Users in the Security Risk Team user group must scope an assessment to define which security compliance frameworks, sections, sub-sections, or requirements should be assessed (e.g., sections from the Anti-Money Laundering framework). Assessments should be scoped at the time of creation, but they can also be scoped afterwards from the Assessments: Plan, Launch & Monitor activity or from the My Tasks page.
An assessment in need of scoping on the My Tasks page.

To scope an assessment:

  1. Log into a user account from the Security Assessment Team user group.

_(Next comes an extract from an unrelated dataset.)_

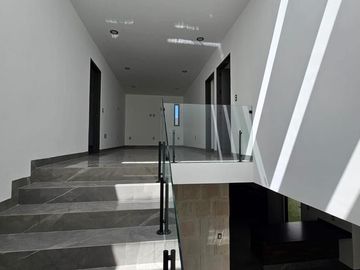 Estrena Casa en Cumbres del Cimatario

  2. Create a security risk assessment

  3. Click Scope.
    The Scope button on an assessment.
  4. Select one or more compliance frameworks as the focus of your assessment by clicking Add.
    A list of available security compliance frameworks.

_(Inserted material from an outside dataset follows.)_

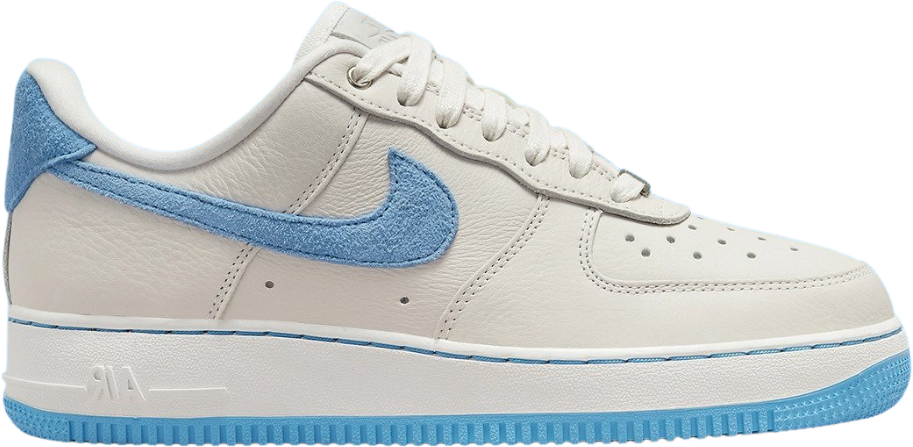 Nike Air Force 1 Low LXX University Blue (Women's)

  5. If needed, refine the frameworks further by using one or more of the following default filters in the left-side Filters pane: 
    • Name: Filters which frameworks display based on their Name. When entering keywords in this field, press Enter on your keyboard to apply the filter.

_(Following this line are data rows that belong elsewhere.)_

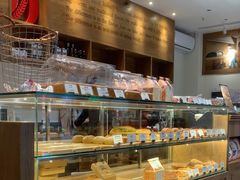 -得粒烘焙坊Daily Bakery House(东海花园店)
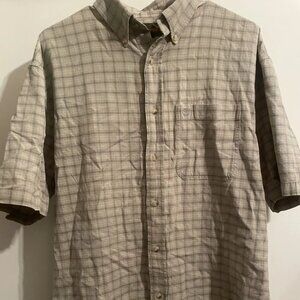 Timberland Button up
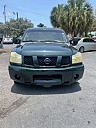 Thumbnail image of 2006 Nissan Titan at HAPPY CAR SALES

    • By Assessment Type: Filters results by object type or assessment type. 
    • By Dimension: Gives assessment context (e.g., Business Unit).
    • By Description/Unique ID: Filters objects and instances by their Description and Unique ID properties.
    • By State: Filters objects and instances by workflow state, including states from other assessment workflows.
    • Other: Additional filters based on plain text fields, select lists, and multi-select lists added to the focus object type in the assessment. When entering keywords in a text field filter, press Enter on your keyboard to apply the filter. 
  6. To remove any unneeded filters, click the beside the filter in the Filter Selection field.
    Removing unneeded filters from the Filter Selection field.
  7. To add an instance to the assessment, click the Assessments link below an object, then click Add. For more information about an instance, hover your cursor over the ellipsis beside the record. 
    Clicking the Assessments link below an object will display any instances, which can then be added to the assessment.
    If an object has not been previously assessed, it will not have any instances and the Assessments link will be hidden.
  8. Remove any unneeded objects or instances by clicking Remove From Scope beside that object or instance.
  9. Click the green banner at the bottom of the page to display the Assessment Navigation form.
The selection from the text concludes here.